Mr Emhamed Khadad, member of the Frente Polisario, the Saharawi independence movement, leadership and the senior SADR official responsible for natural resources, remarked that: “We are optimistic this second recourse to applying the law to bring an end to the blatant, theft of a resource belonging to a people under occupation will demonstrate our resolve. The May 1 interdiction of a cargo passing through South Africa and today’s step in Panama, are part of ongoing measures to seek justice against in the illegal exploitation of the natural resources of Western Sahara and enhance the rule of law in the advancement of self-determination for the Saharawi people.”
From the outset of shipments for the company into the Port of Vancouver in the second half of 2013, the SADR government has attempted to engage Agrium, routinely protesting individual shipments and in 2016 rejecting an inadequate human rights evaluation done on request of the company as failing to explain the essentials facts of occupation and serious human rights abuses in that part of Western Sahara held by Morocco.

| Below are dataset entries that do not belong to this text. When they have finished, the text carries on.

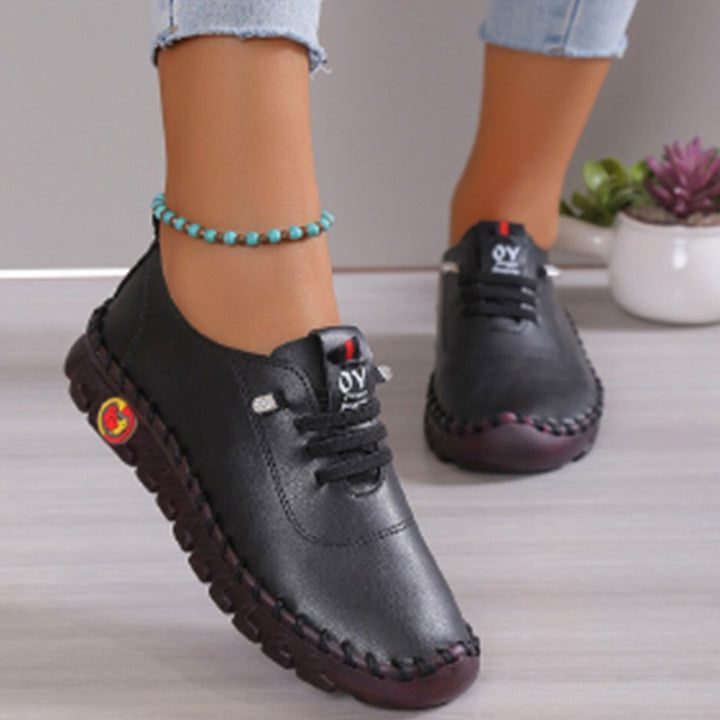 Damen Leichter, weicher Slipper mit handgenähter Gummisohle und elastischer Schnürung Echo Archiv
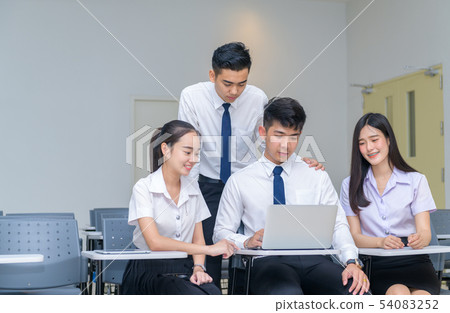 Students in uniform working with laptop 54083252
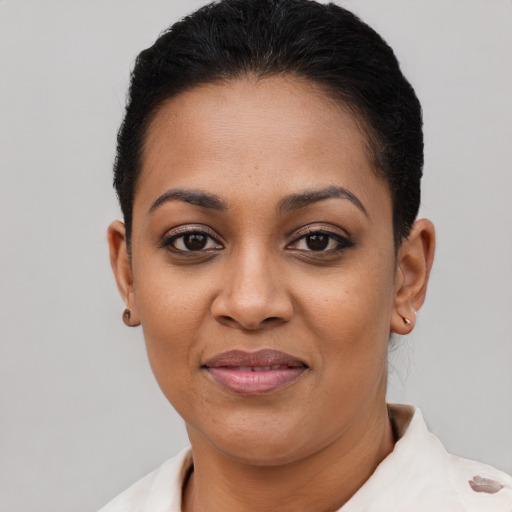 Joyful latino young-adult female with short  black hair and brown eyes
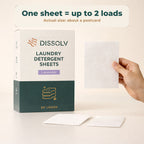 DSSLV laundry detergent sheet held for scale beside the pack. One sheet is up to 2 loads, about postcard size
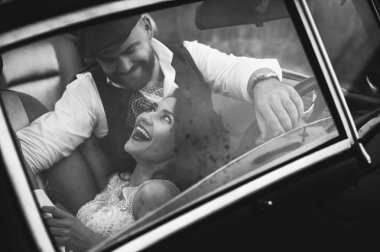 Şık bir düğün çifti, gelin, damat retro arabada sarılıyor. Rüzgarlar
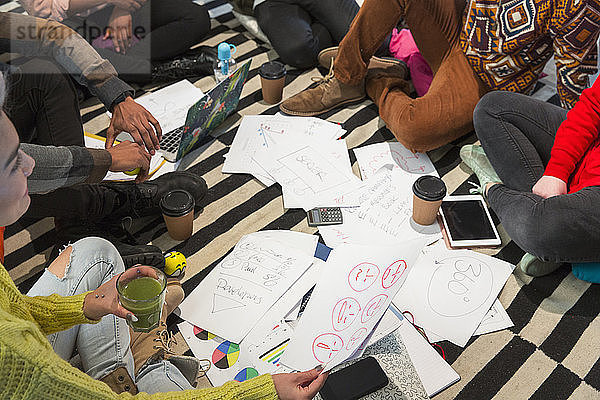 Creative business people meeting  brainstorming in circle on floor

“A basic starting point to thinking about Western Sahara”, remarked Khadad, “is the conclusion of the International Court of Justice in 1975 that Morocco does not have ‘any’ territorial right or claim to Western Sahara. Then add to this the pronouncement of the UN General Assembly that the territory is occupied. There’s nothing complex about territorial annexation and a selling of what is stolen property – in the face of our repeated constant protests – out the front door of our house. After years of calling for an end to this trade and seeking creation of United Nations oversight of our resources until its commitment to provide a referendum of self-determination of the Saharawi people is fulfilled, it was time to resort to the rule of law in the international order.”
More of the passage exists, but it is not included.